» **EXERCISE PROMPT**: Your task is to reproduce the listing exactly, without its images.
•••
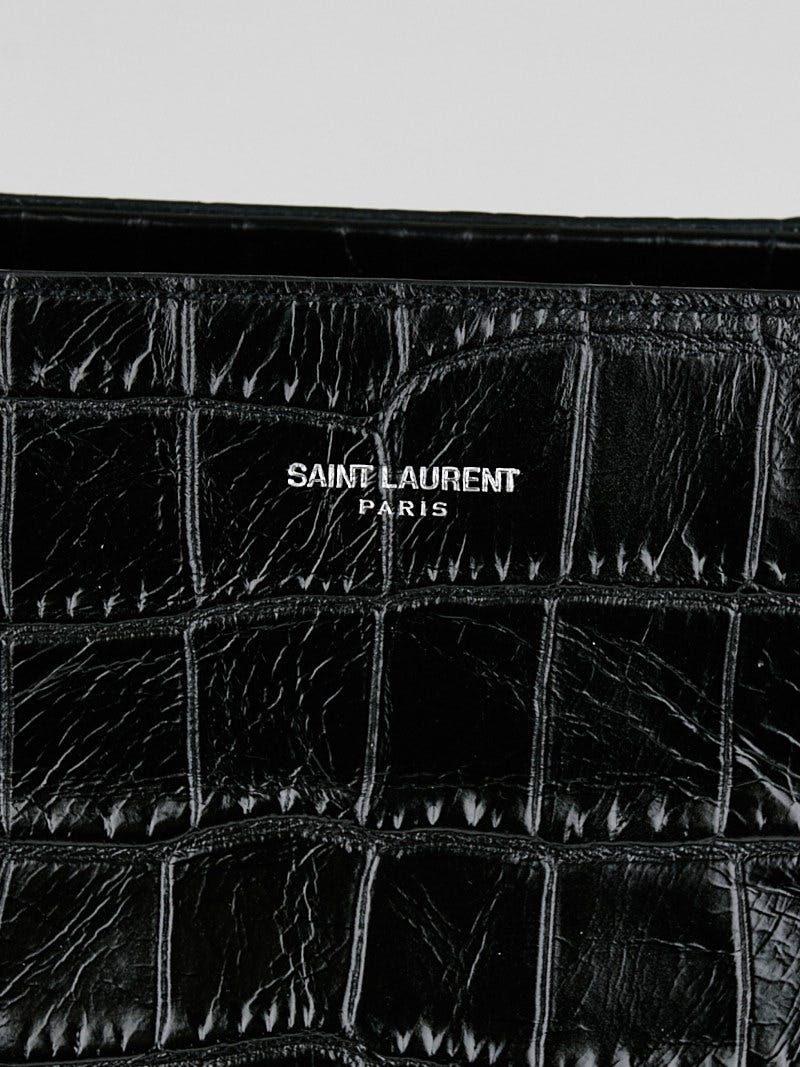 Yves Saint Laurent Black Crocodile Embossed Leather Cabas Yves Saint Laurent Black Crocodile Embossed Leather Cabas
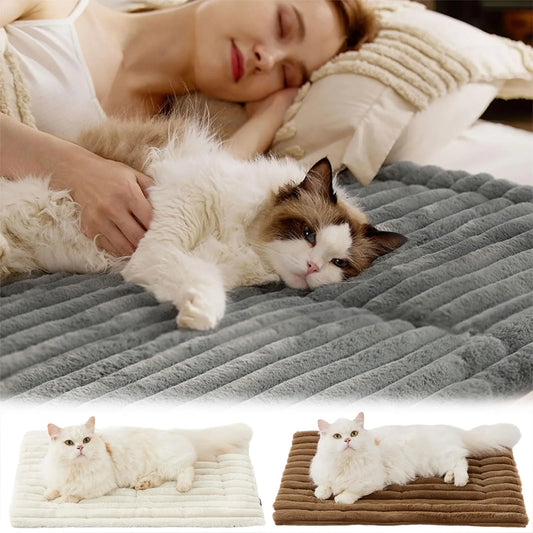 Self-Warming Plush Pet Bed Mat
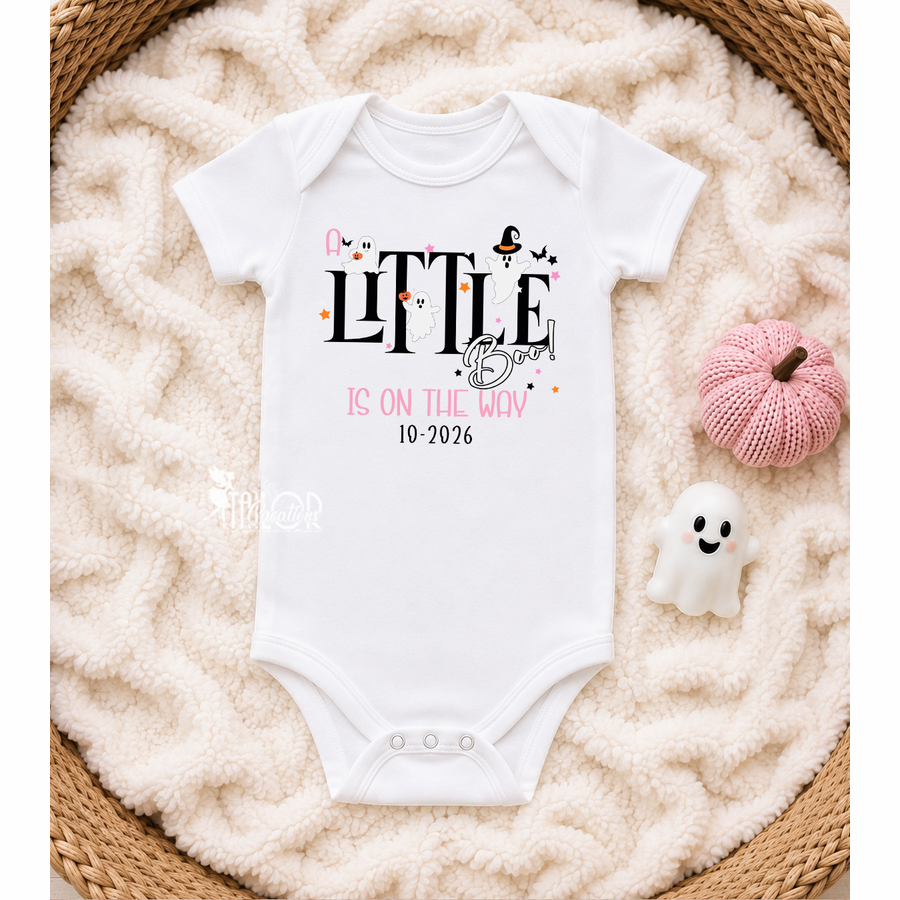 Halloween Baby Announcement Bodysuit - Ghost Boo Pregnancy Announcement Outfit Gift Set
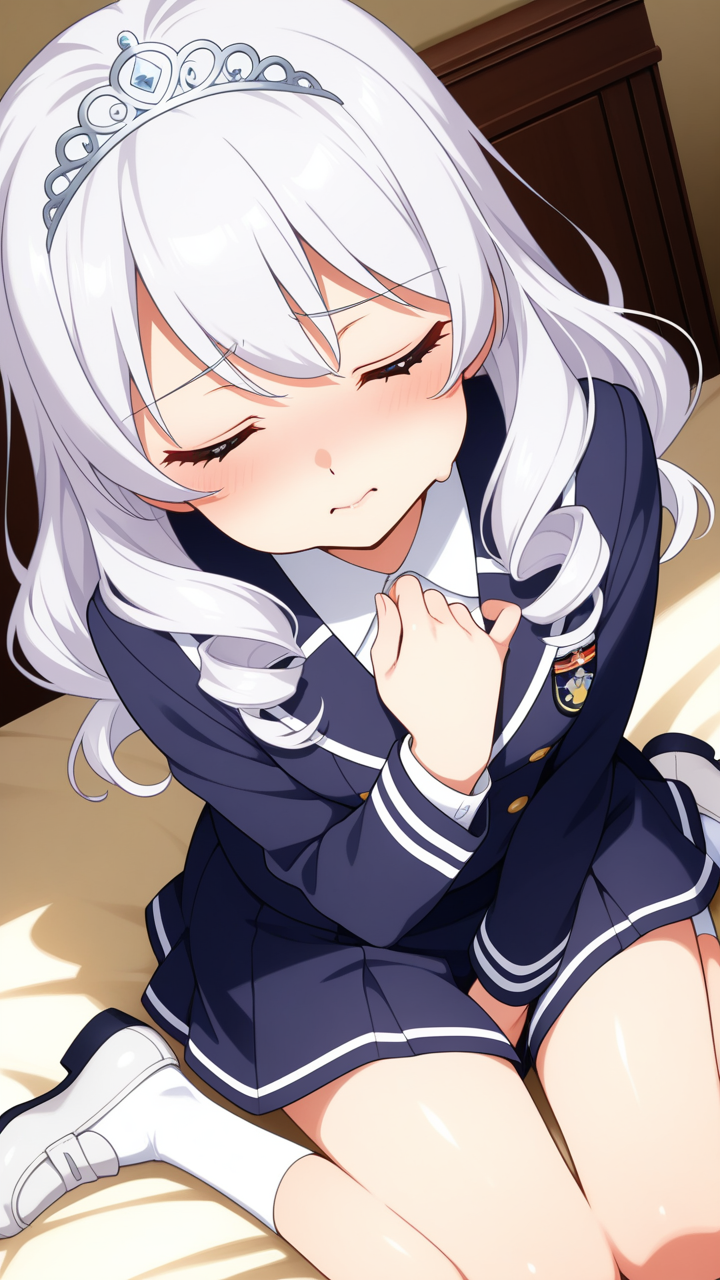 白髪内巻きセミロング貧乳小柄 オナニー・自慰_アニメエロ画像 AI エロ画像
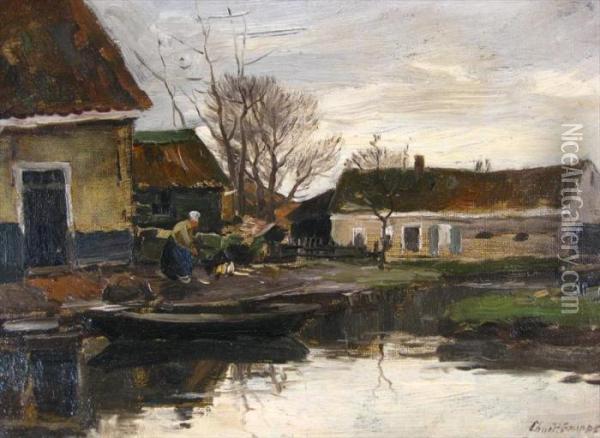 Dutch Townscape Withwoman Near Water Oil Painting - Charles Paul Gruppe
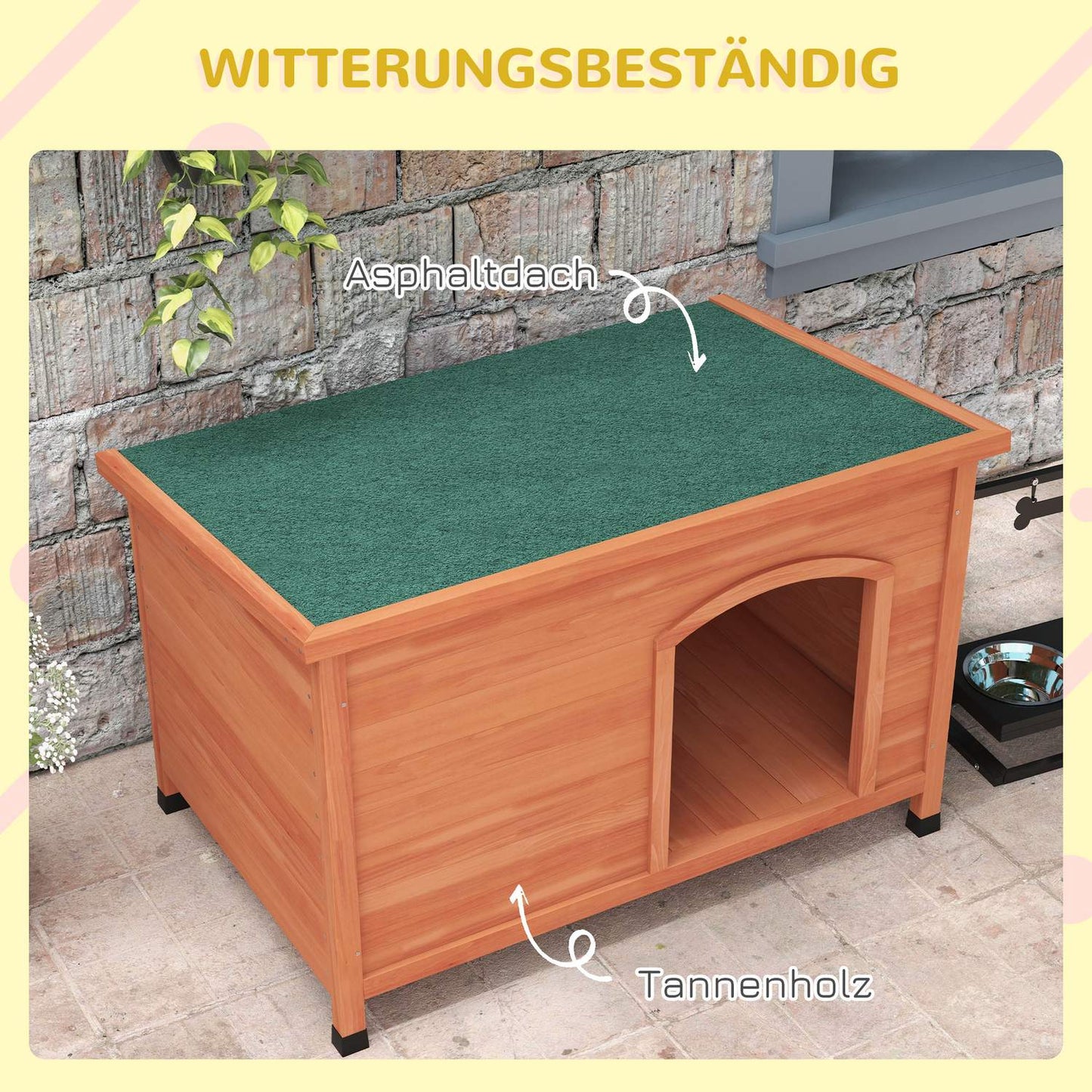 Wooden dog kennel, raised, removable floor, 100 cm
•••
» **TASK SOLUTION**:
 Yves Saint Laurent Black Crocodile Embossed Leather Cabas Yves Saint Laurent Black Crocodile Embossed Leather Cabas
 Self-Warming Plush Pet Bed Mat
 Halloween Baby Announcement Bodysuit - Ghost Boo Pregnancy Announcement Outfit Gift Set
 白髪内巻きセミロング貧乳小柄 オナニー・自慰_アニメエロ画像 AI エロ画像
 Dutch Townscape Withwoman Near Water Oil Painting - Charles Paul Gruppe
 Wooden dog kennel, raised, removable floor, 100 cm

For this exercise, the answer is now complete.